═════ Data ═════
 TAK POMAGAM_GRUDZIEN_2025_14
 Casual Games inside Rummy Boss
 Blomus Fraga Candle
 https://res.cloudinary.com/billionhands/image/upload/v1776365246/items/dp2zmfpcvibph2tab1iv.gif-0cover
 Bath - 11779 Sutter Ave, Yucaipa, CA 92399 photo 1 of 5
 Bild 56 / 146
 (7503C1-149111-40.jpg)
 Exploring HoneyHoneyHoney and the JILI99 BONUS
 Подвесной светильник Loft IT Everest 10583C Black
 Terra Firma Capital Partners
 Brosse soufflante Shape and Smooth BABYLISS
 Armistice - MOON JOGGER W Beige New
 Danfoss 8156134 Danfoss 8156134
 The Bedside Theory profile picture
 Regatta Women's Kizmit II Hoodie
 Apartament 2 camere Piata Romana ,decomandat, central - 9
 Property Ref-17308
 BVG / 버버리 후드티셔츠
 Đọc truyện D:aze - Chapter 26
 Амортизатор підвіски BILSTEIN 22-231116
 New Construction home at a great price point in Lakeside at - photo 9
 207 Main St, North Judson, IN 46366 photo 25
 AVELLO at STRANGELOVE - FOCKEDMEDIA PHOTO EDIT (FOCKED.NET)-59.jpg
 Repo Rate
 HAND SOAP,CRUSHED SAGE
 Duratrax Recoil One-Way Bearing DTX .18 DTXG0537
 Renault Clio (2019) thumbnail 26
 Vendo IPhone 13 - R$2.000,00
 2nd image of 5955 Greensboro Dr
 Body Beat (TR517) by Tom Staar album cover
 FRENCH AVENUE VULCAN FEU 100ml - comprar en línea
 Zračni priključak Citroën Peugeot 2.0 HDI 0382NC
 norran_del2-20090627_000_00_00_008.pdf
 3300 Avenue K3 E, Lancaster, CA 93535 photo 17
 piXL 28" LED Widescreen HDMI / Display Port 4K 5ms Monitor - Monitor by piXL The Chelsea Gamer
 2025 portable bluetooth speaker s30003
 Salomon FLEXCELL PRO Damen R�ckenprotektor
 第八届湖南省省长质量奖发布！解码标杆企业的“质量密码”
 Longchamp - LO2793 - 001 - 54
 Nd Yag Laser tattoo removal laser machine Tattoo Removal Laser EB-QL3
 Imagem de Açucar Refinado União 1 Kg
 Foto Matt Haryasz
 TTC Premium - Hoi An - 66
═════
• **Assignment**:
Reproduce the data shown above with every line intact.

• **Written answer**:
 TAK POMAGAM_GRUDZIEN_2025_14
 Casual Games inside Rummy Boss
 Blomus Fraga Candle
 https://res.cloudinary.com/billionhands/image/upload/v1776365246/items/dp2zmfpcvibph2tab1iv.gif-0cover
 Bath - 11779 Sutter Ave, Yucaipa, CA 92399 photo 1 of 5
 Bild 56 / 146
 (7503C1-149111-40.jpg)
 Exploring HoneyHoneyHoney and the JILI99 BONUS
 Подвесной светильник Loft IT Everest 10583C Black
 Terra Firma Capital Partners
 Brosse soufflante Shape and Smooth BABYLISS
 Armistice - MOON JOGGER W Beige New
 Danfoss 8156134 Danfoss 8156134
 The Bedside Theory profile picture
 Regatta Women's Kizmit II Hoodie
 Apartament 2 camere Piata Romana ,decomandat, central - 9
 Property Ref-17308
 BVG / 버버리 후드티셔츠
 Đọc truyện D:aze - Chapter 26
 Амортизатор підвіски BILSTEIN 22-231116
 New Construction home at a great price point in Lakeside at - photo 9
 207 Main St, North Judson, IN 46366 photo 25
 AVELLO at STRANGELOVE - FOCKEDMEDIA PHOTO EDIT (FOCKED.NET)-59.jpg
 Repo Rate
 HAND SOAP,CRUSHED SAGE
 Duratrax Recoil One-Way Bearing DTX .18 DTXG0537
 Renault Clio (2019) thumbnail 26
 Vendo IPhone 13 - R$2.000,00
 2nd image of 5955 Greensboro Dr
 Body Beat (TR517) by Tom Staar album cover
 FRENCH AVENUE VULCAN FEU 100ml - comprar en línea
 Zračni priključak Citroën Peugeot 2.0 HDI 0382NC
 norran_del2-20090627_000_00_00_008.pdf
 3300 Avenue K3 E, Lancaster, CA 93535 photo 17
 piXL 28" LED Widescreen HDMI / Display Port 4K 5ms Monitor - Monitor by piXL The Chelsea Gamer
 2025 portable bluetooth speaker s30003
 Salomon FLEXCELL PRO Damen R�ckenprotektor
 第八届湖南省省长质量奖发布！解码标杆企业的“质量密码”
 Longchamp - LO2793 - 001 - 54
 Nd Yag Laser tattoo removal laser machine Tattoo Removal Laser EB-QL3
 Imagem de Açucar Refinado União 1 Kg
 Foto Matt Haryasz
 TTC Premium - Hoi An - 66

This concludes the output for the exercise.